[Assignment] Repeat the data word for word and skip the pictures.

[Dataset extract]
*****

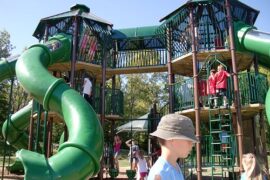 Free Attractions for Toddlers in Maple Grove Minnesota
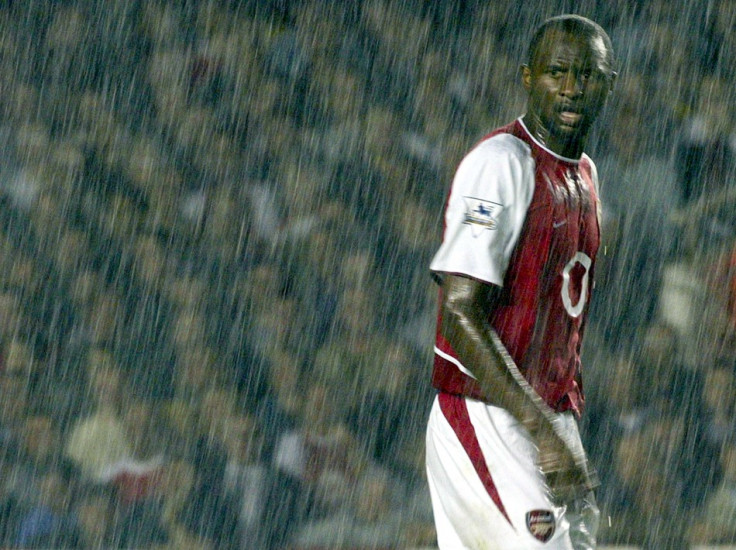 Patrick Vieira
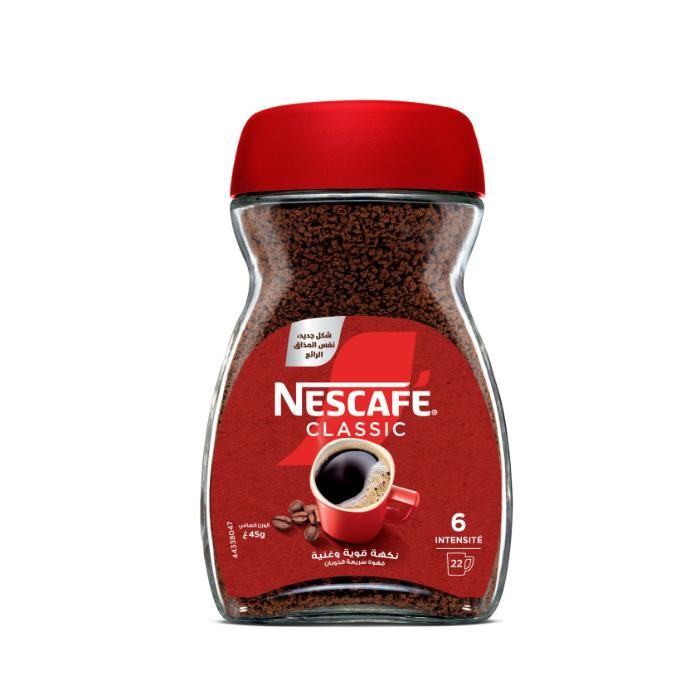 Café soluble classic 45g - NESCAFÉ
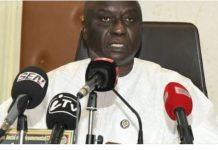 Rewmi : Yankhoba Diatara n’est plus le deuxième vice-président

*****

[Solved problem]
 Free Attractions for Toddlers in Maple Grove Minnesota
 Patrick Vieira
 Café soluble classic 45g - NESCAFÉ
 Rewmi : Yankhoba Diatara n’est plus le deuxième vice-président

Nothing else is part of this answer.